Texas gov. tries to woo business away from Calif.


Perry is promising better business conditions in Texas. And because of recent California tax hikes, some experts think he might find a few takers.

In a portion of the radio ad that's airing in California, the Texas governor says, "Building a business is tough, but I hear building a business in California is next to impossible. And I have a message California businesses -- come check out Texas." The ad is aimed at attracting California's billion dollar companies to Texas.

This is not the governor's first visit to the Golden State. He touts his state where there is no state income tax, labor costs are cheaper, and business regulations more lax.

Golden Gate University marketing and consumer psychologist professor Kit Yarrow says the governor has a point, and might be successful in poaching some businesses, "There's an opportunity with our big increase in taxes and cutbacks on services," she said. "I think the time is now."

Governor Jerry Brown isn't taking Governor Perry's trip serious, "Those Texans who move here, they don't wanna go back," he said. "Who would wanna spend their summers in 110 degree heat inside some kind of fossil fuel air conditioner?"

Still, Bay Area companies like Facebook and eBay have recently set up campuses in Texas.

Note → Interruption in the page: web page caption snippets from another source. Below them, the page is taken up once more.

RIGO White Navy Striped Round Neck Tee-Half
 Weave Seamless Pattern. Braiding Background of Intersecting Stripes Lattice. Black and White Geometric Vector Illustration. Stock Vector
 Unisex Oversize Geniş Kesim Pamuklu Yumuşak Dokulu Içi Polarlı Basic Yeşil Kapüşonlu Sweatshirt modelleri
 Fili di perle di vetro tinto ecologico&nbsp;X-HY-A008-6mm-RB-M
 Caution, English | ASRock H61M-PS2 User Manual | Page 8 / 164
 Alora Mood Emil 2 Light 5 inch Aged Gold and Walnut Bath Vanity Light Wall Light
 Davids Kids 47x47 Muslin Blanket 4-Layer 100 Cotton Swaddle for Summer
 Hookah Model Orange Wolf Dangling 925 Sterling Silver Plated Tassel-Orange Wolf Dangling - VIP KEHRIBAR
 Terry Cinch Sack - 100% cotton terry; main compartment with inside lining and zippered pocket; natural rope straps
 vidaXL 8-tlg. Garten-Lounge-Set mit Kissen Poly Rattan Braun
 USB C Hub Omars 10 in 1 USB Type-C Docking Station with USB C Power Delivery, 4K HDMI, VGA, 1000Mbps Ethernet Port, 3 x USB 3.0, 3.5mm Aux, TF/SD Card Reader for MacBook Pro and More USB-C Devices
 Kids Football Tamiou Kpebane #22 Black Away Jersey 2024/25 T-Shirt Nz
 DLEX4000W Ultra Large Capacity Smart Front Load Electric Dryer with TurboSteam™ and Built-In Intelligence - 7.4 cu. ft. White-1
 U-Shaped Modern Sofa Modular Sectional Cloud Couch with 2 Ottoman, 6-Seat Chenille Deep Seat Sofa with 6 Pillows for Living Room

And according to Forbes, San Ramon-based Chevron is moving 800 jobs to Houston.

"I think every company is trying to weigh the costs, which are huge in California, against the benefits, which are also huge," Yarrow said.

And the state still attracts its share of businesses. Web hosting company GoDaddy.com is set to open new offices Monday in Sunnyvale.

"The talent pool here is rich and diverse and the amount of capital is tremendous," VP Steven Aldrich said. "I've been the founder of a few startups, and that capital has come from Silicon Valley. You need to be here to access that."

Governor Perry will be talking to high tech, bio tech and film industry leaders during his three day trip. His visit starts in San Francisco, then on to Silicon Valley and Los Angeles.